Texas school shooting: Teenage gunman kills 18 children in latest US mass murder

UVALDE, Texas: A teenage gunman killed at least 19 children and two adults after storming into a Texas elementary school on Tuesday (May 24), the latest bout of gun-fueled mass murder in the United States and the nation’s worst school shooting in nearly a decade.

The 18-year-old suspect, who was killed apparently by police, also had shot his own grandmother before fleeing from the scene, then crashing his getaway car and launching a bloody rampage at Robb Elementary School in the town of Uvalde, Texas, about 130km west of San Antonio.

The motive was not immediately clear.

Law enforcement officers saw the gunman, clad in body armour, emerge from his crashed vehicle carrying a rifle and “engaged” the suspect, who nevertheless managed to charge into the school and open fire, Texas Department of Public Safety (DPS) Sergeant Erick Estrada said on CNN.

Speaking from the White House hours later, a visibly shaken US President Joe Biden urged Americans to stand up to the politically powerful US gun lobby, which he blamed for blocking enactment of tougher “common-sense” firearms safety laws.

Biden ordered flags flown at half-staff daily until sunset on Saturday in observance of the tragedy.

Governor Greg Abbott said the suspect, identified as 18-year-old Salvador Ramos, was apparently killed by police officers responding to the scene, and that two officers were struck by gunfire, though the governor said their injuries were not serious.

Authorities said the suspect acted alone.

After confusing early accounts of the death toll, the state attorney general’s office in an official statement put the tally of lives lost at 18 children and two adults, including the gunman. A Texas DPS spokesperson later told CNN that 19 school children and two adults were killed, not counting the shooter.
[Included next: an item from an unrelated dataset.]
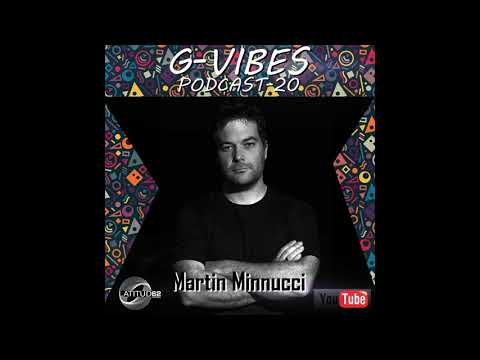 G VIBES Podcast #020  MartinMinnuccii 🇦🇷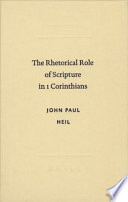 The rhetorical role of Scripture in 1 Corinthians /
The school’s student body consists of children in the second, third and fourth grades, according to Pete Arredondo, chief of the Uvalde Consolidated Independent School District Police Department, who also addressed reporters. Pupils in those grades would likely have ranged in age from seven to 10.

The carnage unfolded just 10 days after 10 people were killed in Buffalo, New York, in a predominantly Black neighborhood. Authorities have charged an 18-year-old man who they said had traveled hundreds of miles to Buffalo and opened fire with an assault-style rifle at a grocery store.